ANN ARBOR - The long-dormant United Association of Plumbers and Pipe Fitters Michigan State Apprentice Contest is starting to become routine, again.
For the second straight year since the contest was abandoned 33 years ago, contestant-apprentices from around Michigan competed in events that tested skills in HVACR service, pipefitting, plumbing and welding.

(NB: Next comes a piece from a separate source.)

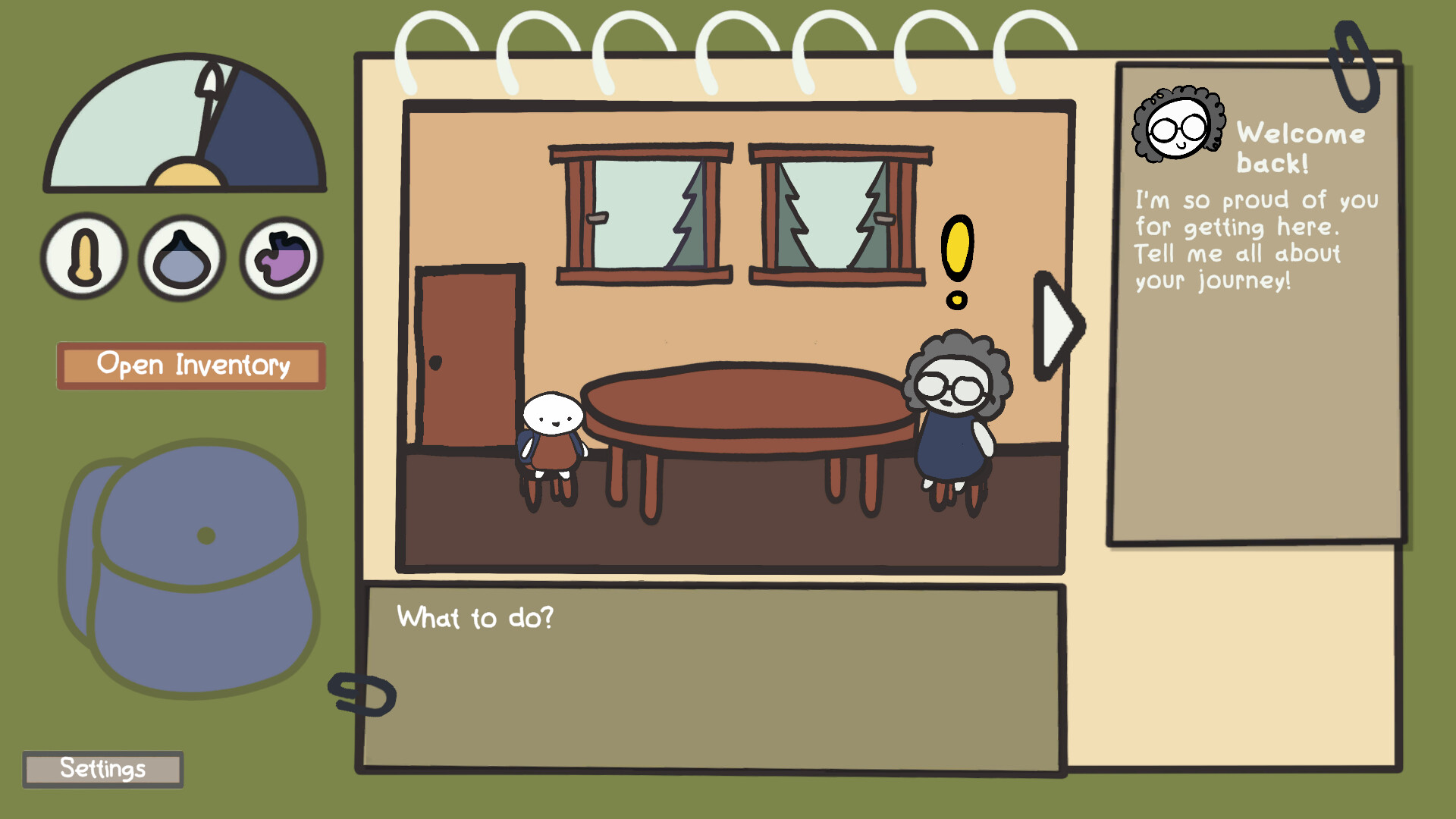 Survival Tech screenshot #5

In 2007 - also for the first time in years - winners of the state contests like this one will compete in a UA-sponsored regional contest (held this year in Pittsburgh).

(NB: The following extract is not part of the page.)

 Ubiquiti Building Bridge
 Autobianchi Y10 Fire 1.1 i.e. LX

The locale for both this contest on May 3-4, as well as the national competition in August, is the UA Great Lakes Training Center on the campus of Washtenaw Community College.
The participating local unions were 85, 174, 190, 333, 357, 370 and 636. Two days of competition in topics and tasks related to the various trades were judged by industry and training representatives.
"The contest allows all participants, contestants, coordinators and observers to view the knowledge and skill level our future workforce has to offer," said Rod Jara, director of the UA Regional Training Center at WCC. "And I can add that it's refreshing to know that these young members will carry our organization and trades well represented into the future."
In addition to a written exam, apprentices had to demonstrate competency in various tasks such as: copper tube bending and brazing, underground layout of pipe, knot tying and rigging, blueprint reading and material identification, various welding methods of pipe and plate, electrical and mechanical problem solving, threaded pipe fabrication and assembly plus other specific trade tasks.
UA to Iron Workers: thanks for the lift
Apprentices from Iron Workers Local 25 and Cadillac Iron provided a big assist to the United Association's Michigan State Apprentice contest.
The apprentices, with a boost from Cadillac Iron's boom truck, erected an iron rigging structure that allowed the pipe trades to test their apprentices' skills in rigging.
The structure, which can be disassembled and moved, "simulates the red iron of a building and allows us to teach and test apprentices on the proper techniques for different rigging applications," said Scott Klapper, apprenticeship coordinator for host Local 190 who helped coordinate the contest.
The 10x10x20-foot-long frame was erected on the Washtenaw Community College campus, but it's designed to be portable and shipped to different UA training centers.
"I really wanted to let the Iron Workers know that we appreciate their gesture of cooperation and support in setting up the frame," said Rod Jara, director of the UA Regional Training Center at WCC. "It really helped us and we will be able to use it for years to come."